On August 5, 2012, Animal Services rescued a group of mustangs as part of a local hoarding investigation. All of the mustangs were emaciated. They were descendants of a trio of mustangs originally acquired more than 15 years earlier and allowed to breed indiscriminately. The herd was not receiving enough feed and this group of mares and fillies were in the worst condition.


On August 11, 2012, Horses of Tir Na Nog became aware of the mustangs in the care of Animal Services. Based on the extensive resources required to recover these six horses, veterinary and behavioral evaluations deemed them to be non-adoptable following their recovery. We were the only alternative to euthanasia for these horses. By August 18, we had acquired the use of eight acres of range land adjoining our sanctuary.


This herd defied the odds and recovered fully from their neglect. They are now all healthy and active. They spend their days resting in the shade of oak trees, foraging for grass, and playing with each other. In other words, they spend their days being horses.

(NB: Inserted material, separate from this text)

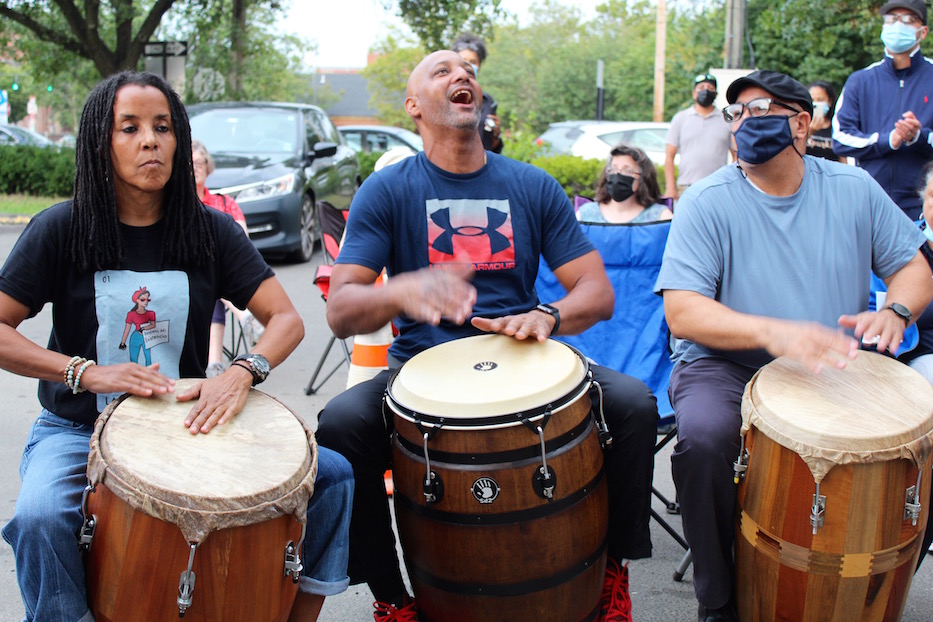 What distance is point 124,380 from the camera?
2.44 meters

All of the horses were given names drawn from the Kumeyaay language. The Kumeyaay are Native American people of the extreme southwestern United States and northwest Mexico.


We believe KayMa is Yeah TaNuk’s youngest daughter, which would also make her UuMunm’s younger sister. When KayMa was rescued by Animal Services she was only as few months old. Her legs were terribly crooked, reflecting her life-long nutritional deficits. For this reason she was given the name KayMa, which means May She Dance. Her name is pronounced “kay MAH.”


KayMa is easy to identify due to her long forelock. This forelock often parts in the middle, reminding us of Alfalfa, the Little Rascal.


KayMa was rescued with another young filly, WeSaii. They are closely bonded. KayMa is not as adventurous as her buddy, but she is always quick to follow WeSaii on her adventures. This meant she became very friendly toward people based on WeSaii’s comfort with people. In 2015 KayMa did go on adventure of her own though when she walked through the wire fencing surrounding the habitat. Once she was through the fencing she calmly walked down the ranch road and was found patiently waiting at the gate to the Mustang Habitat. You could almost hear her say, “WeSaii made me do it.”